How do the two implementations differ:

struct queue {

int a;

int b;

q_info *array;

};

and

struct queue {

int a;

int b;

q_info array[0];

};

网友答案:

The second struct does not use an array of zero elements - this is a pre-C99 trick for making flexible array members. The difference is that in the first snippet you need two mallocs - one for the struct, and one for the array, while in the second one you can do both in a single malloc:

size_t num_entries = 100;
struct queue *myQueue = malloc(sizeof(struct queue)+sizeof(q_info)*num_entries);

instead of

size_t num_entries = 100;
struct queue *myQueue = malloc(sizeof(struct queue));
myQueue->array = malloc(sizeof(q_info)*num_entries);

This lets you save on the number of deallocations, provides better locality of references, and also saves the space for one pointer.

Starting with C99 you can drop zero from the declaration of the array member:

struct queue {
    int a;
    int b;
    q_info array[];
};
网友答案:

These are completely different things:

  • The first contains a pointer to an external array.
  • the second is an inline array that happens to have zero elements.

The reason people do this is it's more space-efficient. You simply over-allocate the memory the struct needs, and then pretend the array has more elements then declared - the compiler won't mind (usually).

It also means you have one less pointer to dereference through, and you can allocate and free the memory for the struct and the array all in one.

Obviously, this trick only works when the array is the last element in the struct.

网友答案:

In the first one there is actually a pointer allocated in struct queue, and sizeof(struct queue) == 2 * sizeof(int) + sizeof(q_info*)

In the second one there is no pointer or anything named array really exists in struct queue, and sizeof(struct queue) == 2 * sizeof(int). This is known as a trick to conveniently reference the data before or later using array. I've used this trick in implementing a memory allocator.

网友答案:

For the zero-sized array member, you can, when you allocate the structure, allocate more memory than the size of struct queue (for example malloc(sizeof(struct queue) + sizeof(q_info) * 10)) to have a contiguous area of memory you can use. Then the array will be part of that memory allocated, and for the example allocation you have ten q_info entries in it.

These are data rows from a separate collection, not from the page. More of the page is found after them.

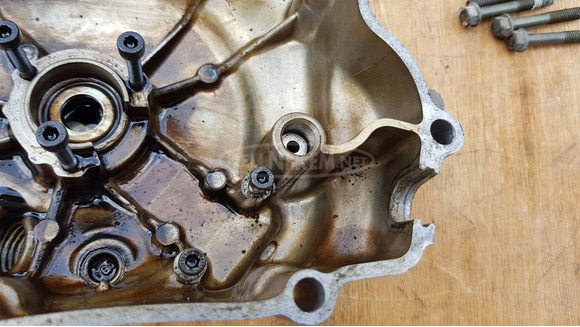 Aprilia leonardo 250 gyújtásfedél - 8/10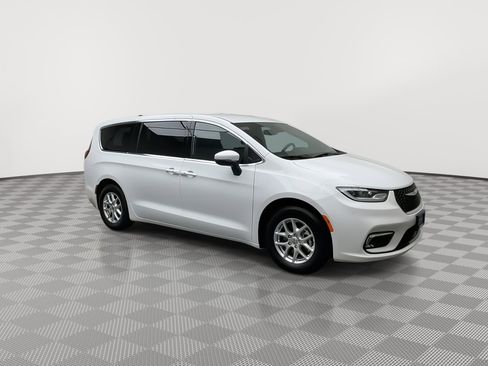 Used 2023 Chrysler Pacifica Touring image 40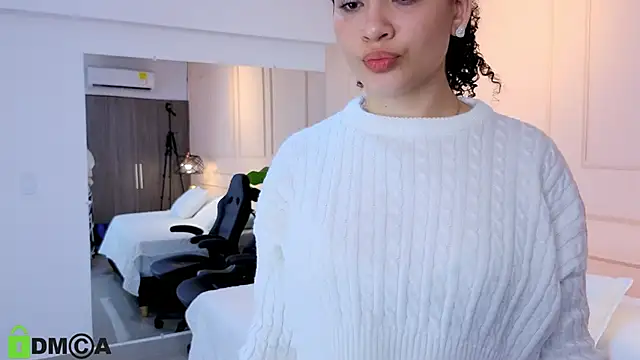 Snapshot of SHARONN____ chatting on September 29, 4:06 am SHARONN online show from September 29, 4:06 am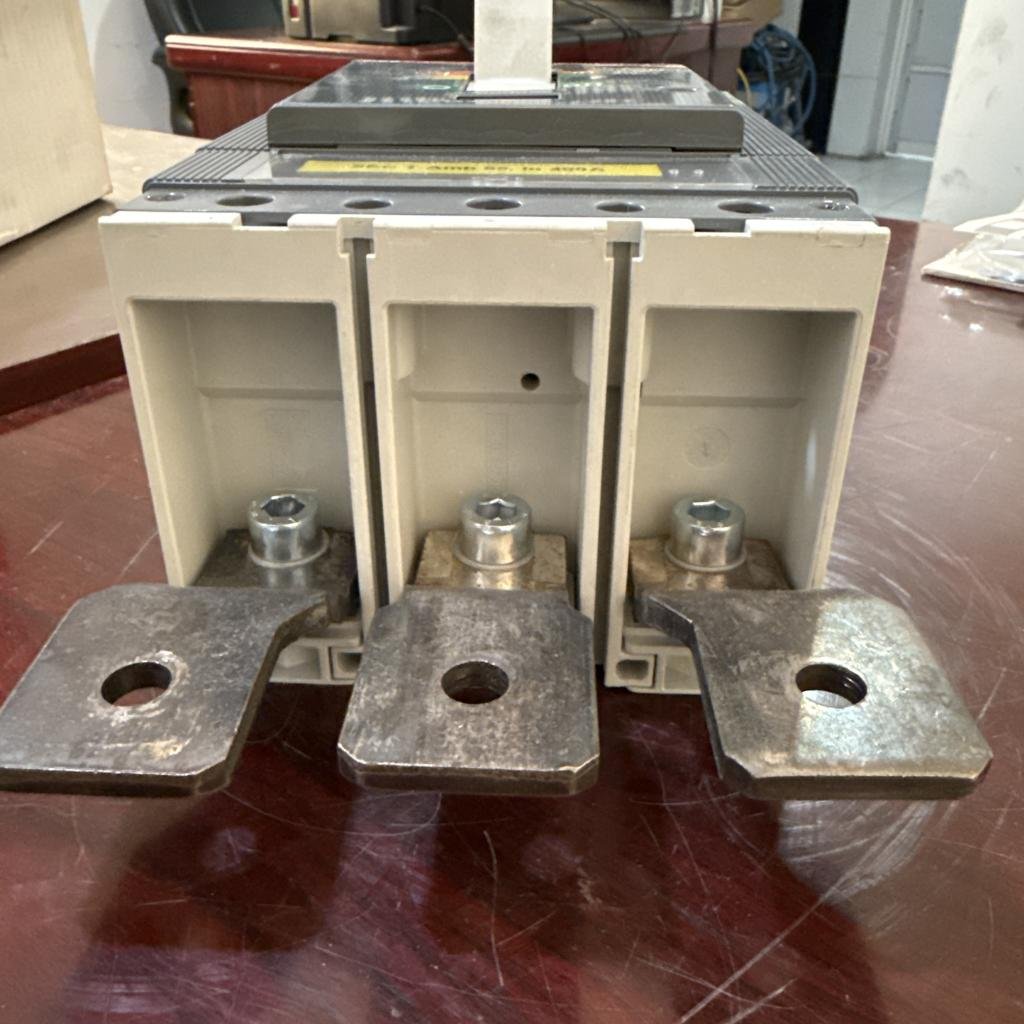 ABB SACE Tmax 3 Pole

For the pointer, you have to make two allocations, one for the queue structure, and one for the array member. You of course have to call free twice, once for the array pointer and once for the structure.

However, once allocated both can be used the same.

网友答案:
q_info array[0];

decays to a pointer because of the automatic conversion. However, it is not assignable. You cannot say

array = <some address of an object>;

afterwards.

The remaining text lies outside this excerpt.